Officials at a school in Colorado assigned a girl to sleep in the same bed as a boy, according to a new letter.
The students were on a cross-country overnight trip when the situation unfolded.
The girl only learned about the assignment when the boy told her after the trip started.
The girl and her parents worked to change the assignment. Chaperones on the trip finally approved the request, but only after telling the girl to lie about the reason because of the school district’s overnight rooming policy, according to lawyers representing the parents.
In most situations, “students who are transgender should be assigned to share overnight accommodations with other students that share the student’s gender identity consistently asserted at school,” according to the policy. “Under no circumstance shall a student who is transgender be required to share a room with students whose gender identity conflicts with their own.”
The policy says that “transitions,” or changing one’s gender, could surface as early as elementary school.
The girl and two other female students were told to room together, along with a fourth student, during a trip to Philadelphia and Washington in June, according to the letter. That student disclosed to the girls inside the room that he is a boy who thinks he’s a girl.
The girl was uncomfortable with the idea of sleeping with a boy and called her mother, who was also on the trip but not a chaperone. The girl met her mother in the lobby. The mother, Serena Wailes, called a chaperone, who in turn called the school’s principal. The principal called the parents of the boy, who confirmed that their child was a male who identified as a girl.
The parents said their child was in “stealth mode,” according to the letter.
The chaperones initially tried to get the girl to switch to a different bed in the same room, and the girl agreed. The girl followed instructions from chaperones and told her roommates that she wanted to switch beds to be closer to the air conditioner. But another girl then asked the boy if he wanted to switch beds, too. That prompted the Wailes girl, identified as D.W., to call her mother again.
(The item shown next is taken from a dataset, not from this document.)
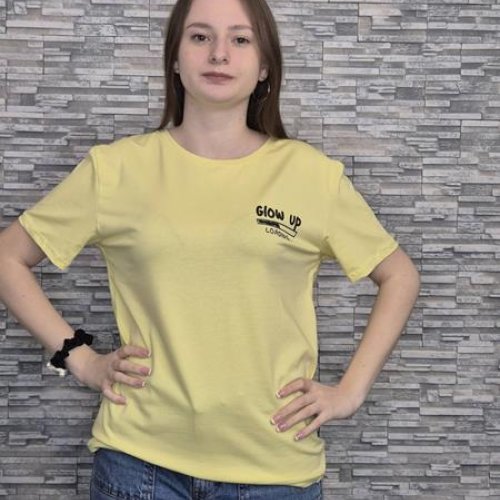 Футболка Newe (L-XL) NW350 yellow (лето) Newe NW350 yellow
They asked again for a new room assignment.
The chaperones agreed this time, but claimed the move was due to a sick roommate, according to the letter.
A teacher was also accused of telling the three girls who were assigned to the same room as a boy to not tell anyone that the boy was a boy, despite the boy himself disclosing that information.
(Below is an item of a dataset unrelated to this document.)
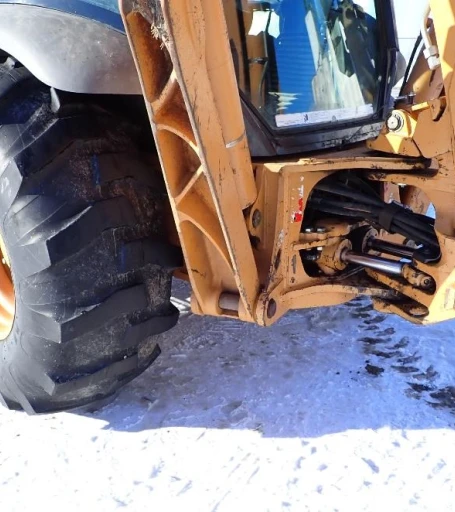 2011 Case 580 Super N WT 4x4 Backhoe WExtendahoe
The district’s policy does not afford the same rights to all students, Alliance Defending Freedom lawyers said.
Due to the policy, D.W. “was placed in a position where her privacy and comfort were not respected or even considered. Her privacy was violated,” they said. “And then, to try to protect her privacy, D.W. had to risk social ostracization because school officials required her to raise her privacy concerns during the trip and in front of other students and teachers, including the transgender student.”
The policy violates parental rights, the lawyers said. They asked for clarification of the policy, including confirmation that parents would be informed before school-sponsored trips of the sex of their children’s roommates.
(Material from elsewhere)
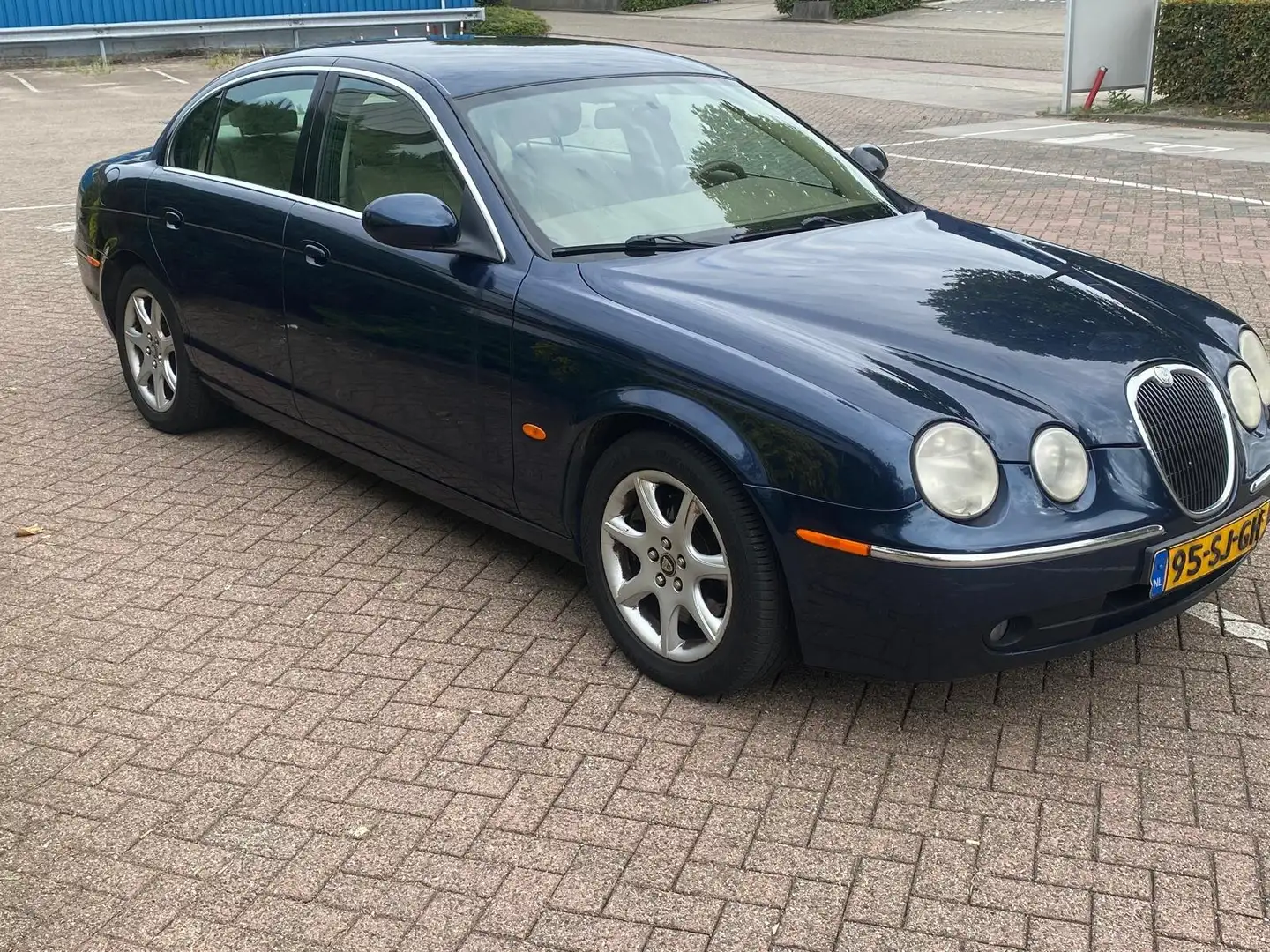 Jaguar S-Type 2.7d iDition Blauw - 1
“Parents, not the government, have the right to direct the upbringing and education of their children, and that includes making informed decisions to protect their child’s privacy. Schools should never hide information from parents, yet that’s exactly what JCPS officials did here. And that put the Waileses’ 11-year-old daughter in a very challenging situation where she had to choose between sleeping in the same bed with a biological boy and advocating for her privacy in front of her teachers and peers,” Kate Anderson, senior counsel and director of the Alliance Defending Freedom’s Center for Parental Rights, told The Epoch Times via email.
“Understandably, the Wailes family is asking JCPS to cease its practice of intentionally withholding information about rooming accommodations from parents. Every parent should have the information needed to make the best decision for their children,” she added.
The Wailes have two fourth-grade children who are planning to go on a similar trip in 2024 and have already begun fundraising for it, according to the letter.
Jefferson County School Board member Paula Reed declined to comment.
Ms. Dorland and the other members of the board did not respond to queries.